In the CIS Lab we mostly deal with data analysis and mining algorithms and try to develop practical services and software in this regard. Some broad present and past research projects are described below.
Intelligent data extraction and analysis: Developing algorithms to automatically extract useful data from online sources is beneficial in many applications. This data can be leveraged for analytics and developing expert systems.
Data stream mining and incremental learning: With the progress of large-scale distributed systems, huge amounts of data are increasingly originating from dispersed sources in form of transient data streams. Traditional learning algorithms become impractical in this setting as sufficient training data may not be accessible. Also, concept drift may cause changes in data distribution which demands update in the learned model. Limited memory and high data entrance speed pose even more challenges for incremental learning. Incremental text clustering, incremental active learning, timeline summarization, and learning with deep models are among our active research projects in this area.
Demo: Analysis and clustering of textual data (link to?)
Text mining: Mining textual data from different aspects is important in various applications. Topic detection and tracking in social networks, text generation based on deep models, semantic analysis of incremental word embedding models, automatic labeling of textual clusters, etc. are among the projects in this area.

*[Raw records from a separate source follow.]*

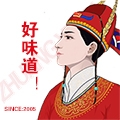 狀元米線，眾多加盟商家的誠(chéng)摯選擇，餐飲創(chuàng)業(yè)好項(xiàng)目，全國(guó)合作熱線：400-967-2208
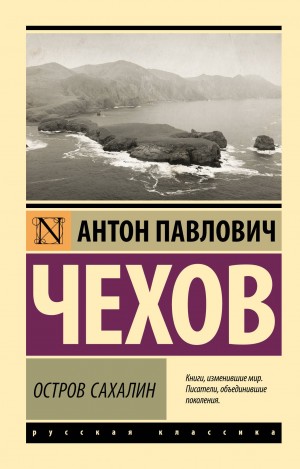 Антон Павлович Чехов - Остров Сахалин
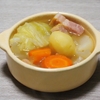 料理動画で学ぶ簡単料理　真夏に「ポトフが食べたい」と娘に言われ作ってみた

Demo: Text generation using GANs (link to: http://textGeneration.freehost.io/)
Data mining: Developing data mining algorithm to deal with different limitations encountered in real-world applications, and applying existing algorithms to analyze miscellaneous data (e.g. recommender systems, financial data, computer networks, social data, business processes) are actively studied in the CIS Lab.
Data analysis with deep learning: Exploring the capability of deep networks in different tasks such as incremental learning, data generation, network traffic analysis, spatio-temporal data, etc. offers insight to the capabilities and limitations of these models.